Monitoring Amazon EMR metrics with CloudWatch - Amazon EMR

Monitoring Amazon EMR metrics with CloudWatch

Metrics are updated every five minutes and automatically collected and pushed to CloudWatch for every Amazon EMR cluster. This interval is not configurable. There is no charge for the Amazon EMR metrics reported in CloudWatch. These five minute datapoint metrics are archived for 63 days, after which the data is discarded.

How do I use Amazon EMR metrics?

The following table shows common uses for metrics reported by Amazon EMR. These are suggestions to get you started, not a comprehensive list. For a complete list of metrics reported by Amazon EMR, see Metrics reported by Amazon EMR in CloudWatch.

How do I? Relevant metrics
Track the progress of my cluster Look at the RunningMapTasks, RemainingMapTasks, RunningReduceTasks, and RemainingReduceTasks metrics.
Detect clusters that are idle The IsIdle metric tracks whether a cluster is live, but not currently running tasks. You can set an alarm to fire when the cluster has been idle for a given period of time, such as thirty minutes.
Detect when a node runs out of storage The MRUnhealthyNodes metric tracks when one or more core or task nodes run out of local disk storage and transition to an UNHEALTHY YARN state. For example, core or task nodes are running low on disk space and will not be able to run tasks.
Detect when a cluster runs out of storage The HDFSUtilization metric monitors the cluster's combined HDFS capacity, and can require resizing the cluster to add more core nodes. For example, the HDFS utilization is high, which may affect jobs and cluster health.
Detect when a cluster is running at reduced capacity The MRLostNodes metric tracks when one or more core or task nodes is unable to communicate with the master node. For example, the core or task node is unreachable by the master node.
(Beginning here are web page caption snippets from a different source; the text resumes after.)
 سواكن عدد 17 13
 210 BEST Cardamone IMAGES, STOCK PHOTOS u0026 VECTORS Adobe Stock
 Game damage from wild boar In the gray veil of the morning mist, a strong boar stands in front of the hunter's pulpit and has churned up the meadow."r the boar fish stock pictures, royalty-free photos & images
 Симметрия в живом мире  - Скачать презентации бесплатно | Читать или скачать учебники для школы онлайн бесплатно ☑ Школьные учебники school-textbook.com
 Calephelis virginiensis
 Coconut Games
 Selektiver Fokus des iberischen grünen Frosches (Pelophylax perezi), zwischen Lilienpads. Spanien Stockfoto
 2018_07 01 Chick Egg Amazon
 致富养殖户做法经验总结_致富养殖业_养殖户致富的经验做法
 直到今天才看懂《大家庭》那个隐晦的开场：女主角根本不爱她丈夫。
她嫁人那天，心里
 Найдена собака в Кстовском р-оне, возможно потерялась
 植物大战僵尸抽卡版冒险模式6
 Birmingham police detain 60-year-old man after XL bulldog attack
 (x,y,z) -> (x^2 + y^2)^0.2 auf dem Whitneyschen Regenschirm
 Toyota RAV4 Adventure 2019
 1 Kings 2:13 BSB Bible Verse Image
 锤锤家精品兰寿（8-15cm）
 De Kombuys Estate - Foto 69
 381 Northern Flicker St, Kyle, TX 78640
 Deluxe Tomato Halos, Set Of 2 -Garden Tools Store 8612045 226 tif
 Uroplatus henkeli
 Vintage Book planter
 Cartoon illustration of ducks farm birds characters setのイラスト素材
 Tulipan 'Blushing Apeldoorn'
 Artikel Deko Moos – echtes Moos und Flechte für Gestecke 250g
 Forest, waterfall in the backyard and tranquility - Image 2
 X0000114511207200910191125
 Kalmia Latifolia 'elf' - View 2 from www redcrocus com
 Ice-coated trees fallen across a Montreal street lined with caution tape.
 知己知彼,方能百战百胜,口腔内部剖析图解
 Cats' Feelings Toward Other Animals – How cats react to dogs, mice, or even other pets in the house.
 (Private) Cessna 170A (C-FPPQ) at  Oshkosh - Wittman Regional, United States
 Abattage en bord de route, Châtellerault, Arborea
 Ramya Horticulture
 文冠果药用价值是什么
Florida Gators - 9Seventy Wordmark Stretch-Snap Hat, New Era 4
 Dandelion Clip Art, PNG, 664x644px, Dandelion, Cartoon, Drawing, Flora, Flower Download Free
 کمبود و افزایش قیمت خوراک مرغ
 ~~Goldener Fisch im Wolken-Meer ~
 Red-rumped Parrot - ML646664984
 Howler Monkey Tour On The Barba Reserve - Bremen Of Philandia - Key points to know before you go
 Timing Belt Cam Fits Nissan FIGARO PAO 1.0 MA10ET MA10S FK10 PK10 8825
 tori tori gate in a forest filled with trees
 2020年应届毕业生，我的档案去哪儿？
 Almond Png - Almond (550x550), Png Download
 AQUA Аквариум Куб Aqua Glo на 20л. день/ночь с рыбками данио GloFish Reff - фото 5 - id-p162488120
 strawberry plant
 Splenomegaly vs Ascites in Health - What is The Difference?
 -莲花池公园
For more information, see Cluster terminates with NO_SLAVE_LEFT and core nodes FAILED_BY_MASTER and AWSSupport-AnalyzeEMRLogs.

Access CloudWatch metrics for Amazon EMR

You can view the metrics that Amazon EMR reports to CloudWatch using the Amazon EMR console or the CloudWatch console. You can also retrieve metrics using the CloudWatch CLI command mon-get-stats or the CloudWatch GetMetricStatistics API. For more information about viewing or retrieving metrics for Amazon EMR using CloudWatch, see the Amazon CloudWatch User Guide.

Note

We’ve redesigned the Amazon EMR console to make it easier to use. See What's new with the console? to learn about the differences between the old and new console experiences.

New console
To view metrics with the new console
  1. Sign in to the AWS Management Console, and open the Amazon EMR console at https://console.aws.amazon.com/emr.

  2. Under EMR on EC2 in the left navigation pane, choose Clusters, and then choose the cluster that you want to view metrics for. This opens the cluster details page.

  3. Select the Monitoring tab on the cluster details page. Choose any one of the Cluster status, Node status, or Inputs and outputs options to load the reports about the progress and health of the cluster.

  4. After you choose a metric to view, you can enlarge each graph. To filter the time frame of your graph, select a prefilled option or choose Custom.

Old console
To view metrics with the old console
  1. Open the Amazon EMR console at https://console.aws.amazon.com/elasticmapreduce/.

  2. To view metrics for a cluster, select a cluster to display the Summary pane.

  3. Choose Monitoring to view information about that cluster. Choose any one of the tabs named Cluster Status, Map/Reduce, Node Status, or IO to load the reports about the progress and health of the cluster.

  4. After you choose a metric to view, you can select a graph size. Edit Start and End fields to filter the metrics to a specific time frame.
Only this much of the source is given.